L’expulsion des étrangers sans papiers : voilà une marotte politique qui revient souvent dans la débat. Mais savez-vous ce qu’est un « CRA », où on enferme ces étranger·es ?
C’est quoi, un CRA ?
Un CRA, ou centre de rétention administrative, est un lieu d’enfermement dans lequel on place des personnes étrangères dans le but de les expulser vers leur pays d’origine. Elles ne sont pas là parce qu’ellesauraient commis un crime ou un délit,mais parce qu’elles n’ont pas de titre de séjour en règle. En gros, un CRA, c’est une sorte de prison qui ne dit pas son nom.
En France, ces centres existent depuis 1981. On en compte 25 pour environ 1500 places au total. Dont deux en Nouvelle-Aquitaine, à Hendaye et Bordeaux. Ce dernier est le plus petit du territoire : il compte une vingtaine de places et se trouve au sous-sol du commissariat de police.

Les conditions de rétention dans les CRA sont régulièrement jugées indignes par les associations et les élus locaux : une fois à l’intérieur, les retenu·es – c’est ainsi qu’on les appelle – peuvent se déplacer librement dans le centre mais ont l’interdiction d’en sortir. Mais surtout, aucune activité ne leur est proposée, iels passent leur temps à attendre.
Qui enferme-t-on dedans ?
Par définition, toutes les personnes en irrégularité administrative : des personnes exilées frappées par une mesure d’expulsion, souvent car le titre de séjour leur a été refusé ou est périmé. En 2021, sur les15 000 personnes qui ont été enfermées en CRA, 95 % étaient des hommes. Mais 76 enfants ont aussi été enfermés dans ces enceintes anxiogènes en France métropolitaine, bien que la Cour européenne des droits de l’Homme ait condamné 9 fois l’État français pour l’enfermement d’enfants dans des centres de rétention.

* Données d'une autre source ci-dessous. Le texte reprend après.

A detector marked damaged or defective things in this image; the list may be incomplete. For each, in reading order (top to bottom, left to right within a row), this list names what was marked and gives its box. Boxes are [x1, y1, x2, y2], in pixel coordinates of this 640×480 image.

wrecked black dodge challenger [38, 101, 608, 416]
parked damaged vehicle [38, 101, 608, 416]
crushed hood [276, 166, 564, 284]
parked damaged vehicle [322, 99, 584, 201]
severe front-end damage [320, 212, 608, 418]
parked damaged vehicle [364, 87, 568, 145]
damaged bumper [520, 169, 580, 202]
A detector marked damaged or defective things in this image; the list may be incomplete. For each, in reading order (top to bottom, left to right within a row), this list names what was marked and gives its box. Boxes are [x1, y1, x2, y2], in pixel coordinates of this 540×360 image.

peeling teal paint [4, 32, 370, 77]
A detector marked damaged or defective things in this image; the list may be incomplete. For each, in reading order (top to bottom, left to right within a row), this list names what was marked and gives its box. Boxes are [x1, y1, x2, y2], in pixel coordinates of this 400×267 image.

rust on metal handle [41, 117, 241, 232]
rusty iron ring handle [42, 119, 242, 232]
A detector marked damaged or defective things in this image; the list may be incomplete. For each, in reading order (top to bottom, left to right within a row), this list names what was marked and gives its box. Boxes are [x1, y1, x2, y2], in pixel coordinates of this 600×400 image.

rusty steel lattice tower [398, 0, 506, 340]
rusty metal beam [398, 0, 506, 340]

Parmi les retenus au CRA de Bordeaux en 2021, plus d’un quart sont des ressortissants algériens. Un problème d’autant plus important que l’Algérie refuse de plus en plus d’accueillir ses ressortissants visés par une obligation de quitter le territoire français (OQTF)

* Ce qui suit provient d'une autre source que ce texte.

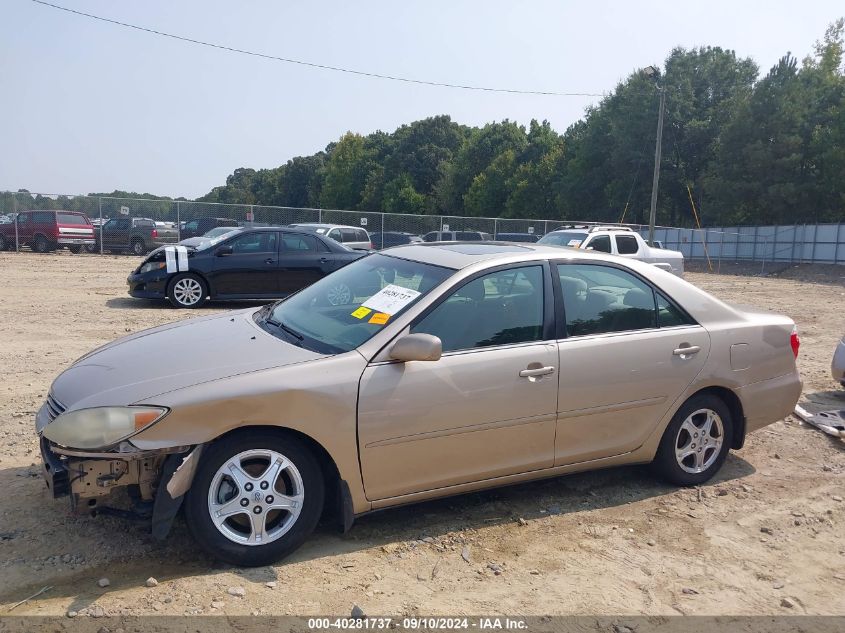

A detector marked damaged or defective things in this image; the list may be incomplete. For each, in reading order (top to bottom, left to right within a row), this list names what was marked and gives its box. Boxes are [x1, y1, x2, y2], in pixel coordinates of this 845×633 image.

C’est quoi le problème avec les CRA ?
D’abord, la loi prévoit que l’enfermement soit utilisé en dernier recours. « La rétention ne devrait pas être la norme. Ce qui devrait l’être, c’est l’assignation à résidence. Mais les politiques ne sont pas dans cette logique-là », explique Soizic Chevrat, coordinatrice juridique aux CRA de Lille, Metz et Strasbourg. « C’est une logique adoptée par les politiques qui pensent qu’en enfermant de plus en plus les personnes en situation irrégulière, cela flattera l’opinion publique. » Une mesure d’autant plus contestable que selon la Cimade, en 2021, plus de la moitié des personnes retenues ont finalement été libérées. C’est-à-dire qu’ils peuvent être assignés à résidence ou remis en liberté sur le sol français.
Ensuite, les conditions d’enfermement posent question. Les centres rappellent toujours l’univers carcéral : barbelés, grillages et présence policière 24h/24. Dans les CRA, les tensions et le stress font partie des murs et des drames s’y produisent régulièrement. En mars 2021, après 17 jours d’enfermement, un homme de 27 ans est retrouvé mort dans le CRA de Bordeaux après une « surdose d’anxiolytiques et de somnifères absorbés volontairement ».
Partout, les associations telle que la Cimade pointent les conséquences graves et irréversibles d’un enfermement sur la santé physique et psychique des retenu·es, d’autant plus que la durée moyenne d’enfermement ne fait qu’augmenter. Les retenu·es du CRA ne bénéficient pas d’une équipe médicale suffisante, les personnes souffrant de maladie mentale ne sont pas suivies.